Last week, I finally bowed down to the power that is Firefox. So where have I been, you may ask? I have been hanging my Internet based washing on Opera (Linux) and Maxthon (Windows) for the last couple of years.
Let me explain why:
First at work, I (still) use Windows 2000 as my workstation. There’s a host of reasons for this, which I won’t go into – but the main one that keeps me using Maxthon is that our intranet uses integrated authentication, which means one less login for me each day. Maxthon is a front-end wrapper around the IE (or Gecko) engine giving me a tabbed interface, mouse gestures etc.
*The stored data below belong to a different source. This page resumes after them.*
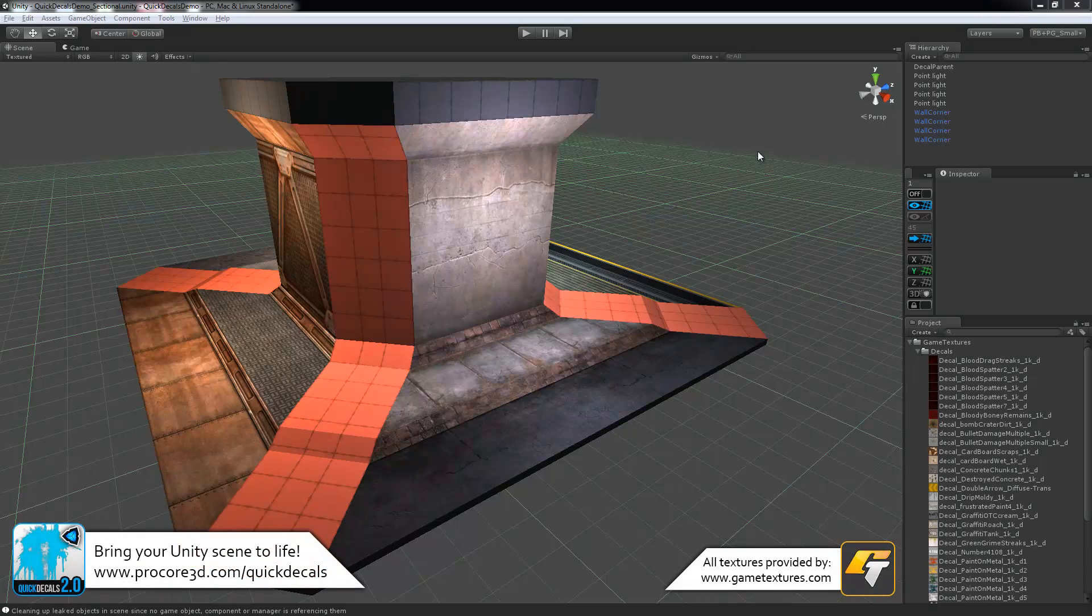Hi everybody and welcome to the Quick Decals version 2.0 Quick Overview video. This is another tool in the Procore toolset, one that's built to especially save you a lot of time, trouble, and sanity.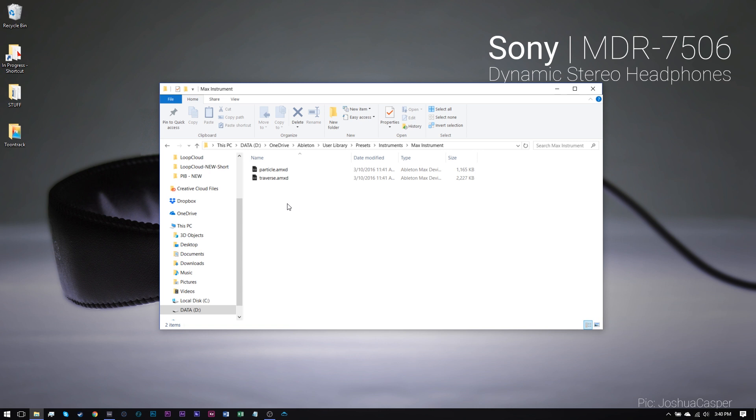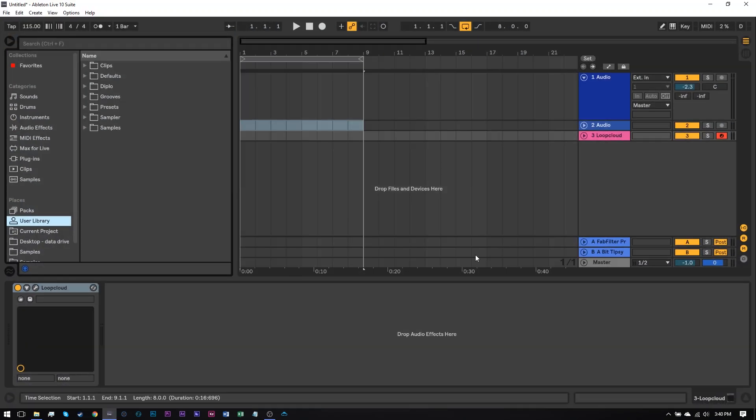That's all there is to it. You want to take your AMXD file and drop it inside of your User Library Presets folder in whichever folder it belongs, Instruments, Audio Effects, MIDI Effects. So that's it. I hope that makes sense. Keep rocking, and we'll see you in the next video.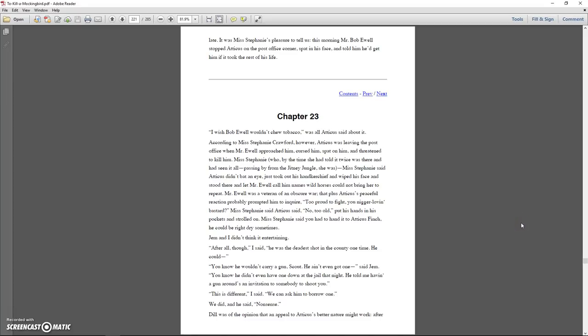Chapter 23. I wish Bob Ewell wouldn't chew tobacco, was all Atticus said about it. According to Miss Stephanie Crawford, however, Atticus was leaving the post office when Mr. Ewell approached him, cursed him, spat on him, and threatened to kill him.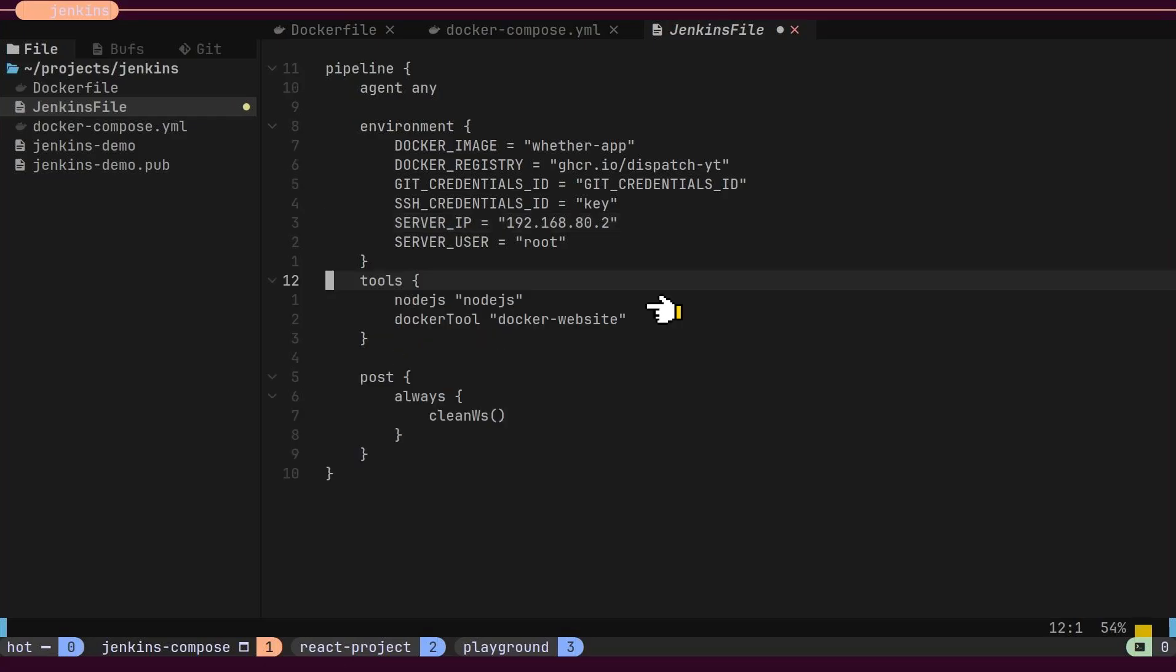Next, we will define Tools. These tools are provided by the Jenkins plugins we installed earlier.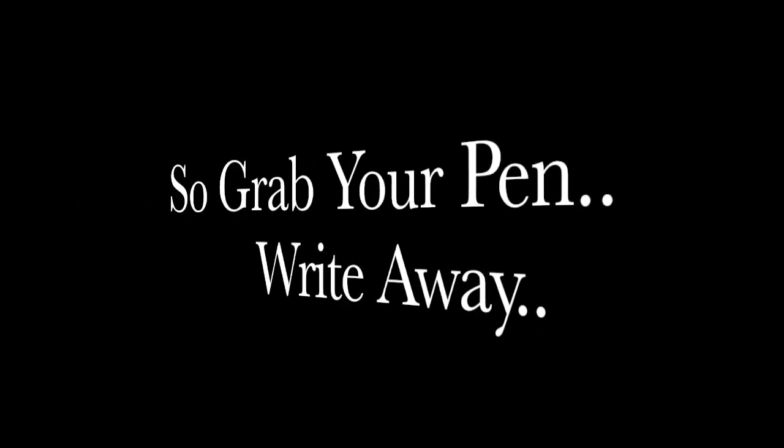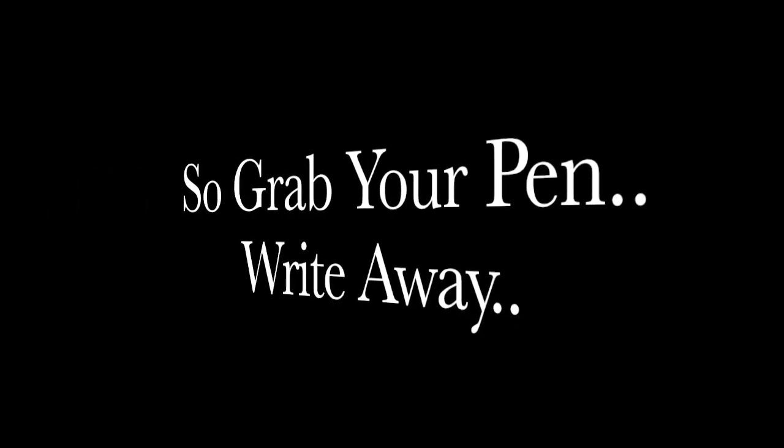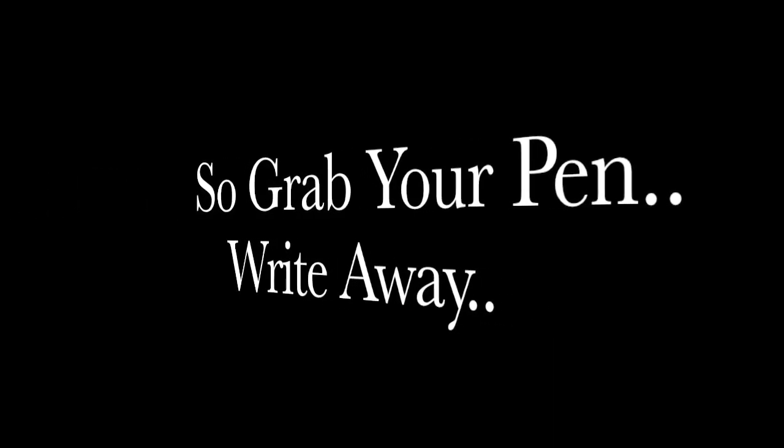I know that you feel so ashamed. There must be someone out there to blame. This world is falling apart, we need to find a start. So grab your pen right away.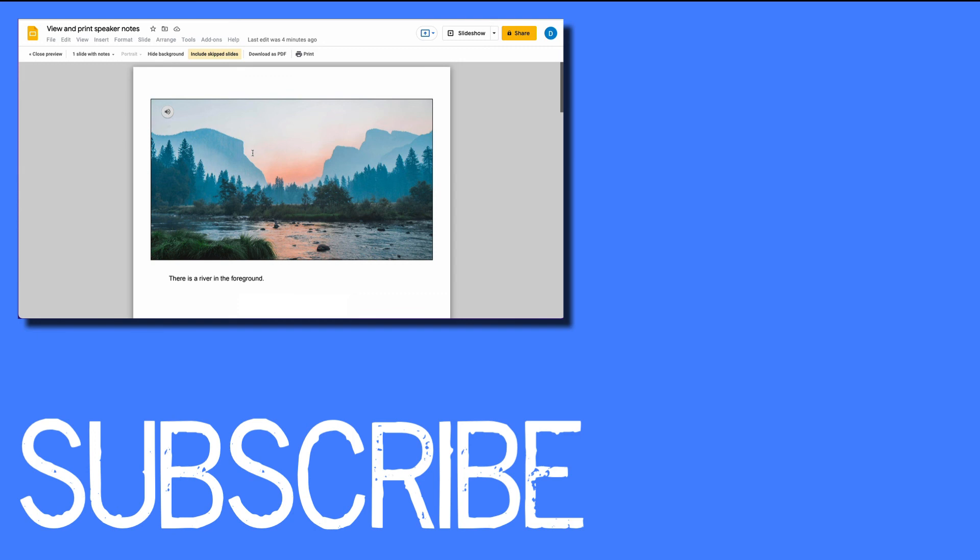If you found this video helpful, please click that like button and subscribe to this channel to get more helpful tips in the future. Also, please be sure to visit my website at therabbitpad.com.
The other and main advantage is it’s (mostly) low memory footprint compared to both Firefox and Opera.
On my Linux machines or Windows machines with memory, I chose Opera. It used to be fast, it used to have a low memory footprint and once you got used to it’s mail client, it was good.
What’s changed? Maxthon slows down exponentially after a day’s worth of use. Opera is chewing more memory than any other application I run and most of all, Firefox has XUL and add-ons, which are finally useful, with compatibility better than Opera and security better than IE.
I still have IE running under Wine on my Linux machines, Opera installed wherever I go but it looks like Firefox has finally taken the cake for me at the moment.
I am currently writing this blog from the Firefox “Performancing” plugin, to a WordPress blog that I uploaded from the Fireftp plugin, my wife is playing her music (not necessarily a good thing) from Firefox on Windows which is controlling Amarok Music Player on my PCLinuxOS machine.